Data shown

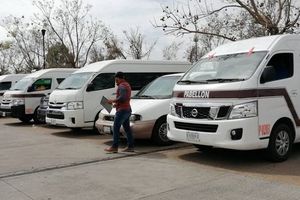 Video: Mujer chocó su camioneta contra combi de pasajeros y la bautizan 'Lady tú me provocaste'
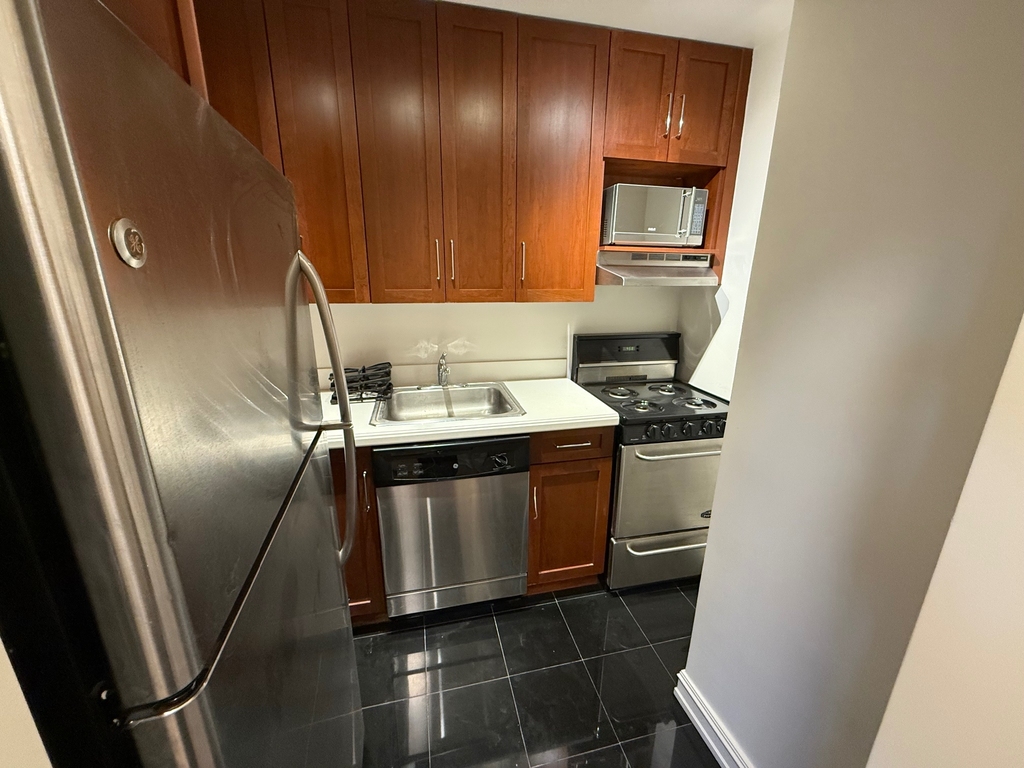 East 63rd Street - Photo 9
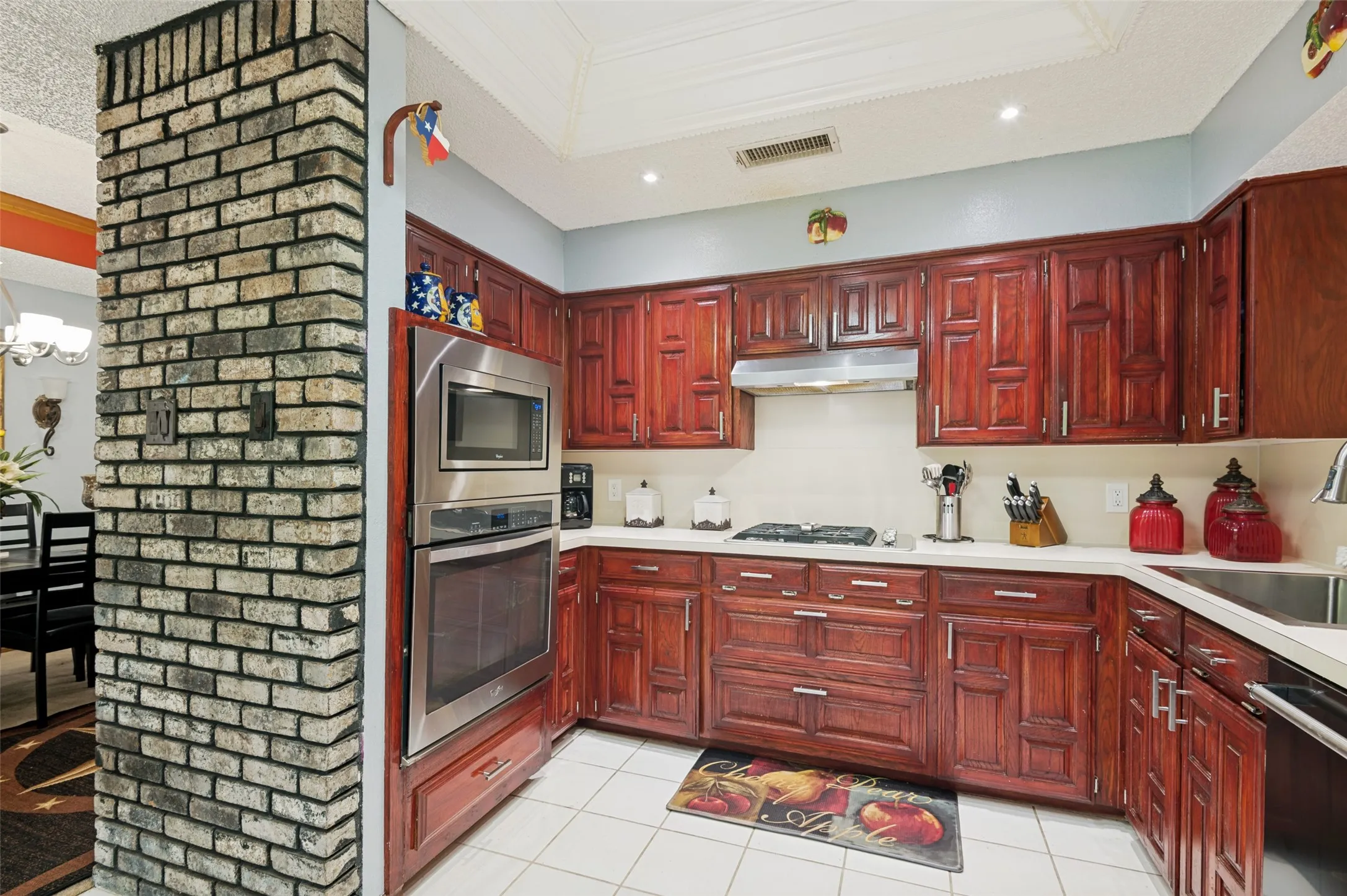 Single Family Residence For Sale in Tarrant County , 2904 Pitkin Drive, Arlington, Texas 76006, 3 Bedrooms, 2 Bathrooms, 2 Garage spaces, 1,822 Sqft, built in 1987, Price $299,000, mls#21330964, Real Estate Agent in Arlington, Homes For Sale in Tarrant county, Homes For Sale in Arlington, Realtor in Arlington Texas, Real Estate Brokerage Independent Realty Texas, Luminita Cordes Realtor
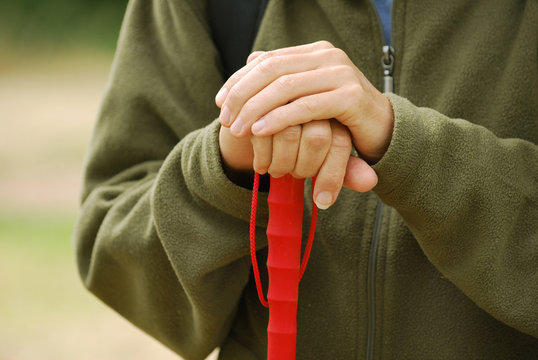 H&auml;nde ruhen auf dem Blindenstock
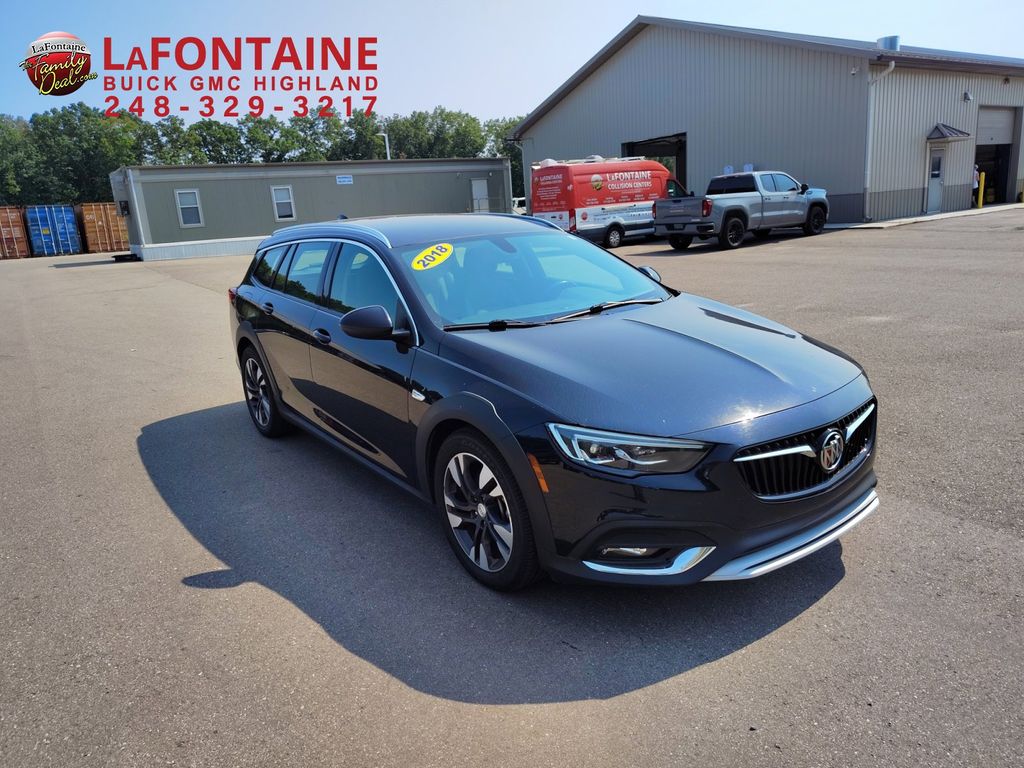 2018 Buick Regal TourX Essence 52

Your goal
Pictures stay out; everything else in the records gets copied exactly.

The answer
 Video: Mujer chocó su camioneta contra combi de pasajeros y la bautizan 'Lady tú me provocaste'
 East 63rd Street - Photo 9
 Single Family Residence For Sale in Tarrant County , 2904 Pitkin Drive, Arlington, Texas 76006, 3 Bedrooms, 2 Bathrooms, 2 Garage spaces, 1,822 Sqft, built in 1987, Price $299,000, mls#21330964, Real Estate Agent in Arlington, Homes For Sale in Tarrant county, Homes For Sale in Arlington, Realtor in Arlington Texas, Real Estate Brokerage Independent Realty Texas, Luminita Cordes Realtor
 H&auml;nde ruhen auf dem Blindenstock
 2018 Buick Regal TourX Essence 52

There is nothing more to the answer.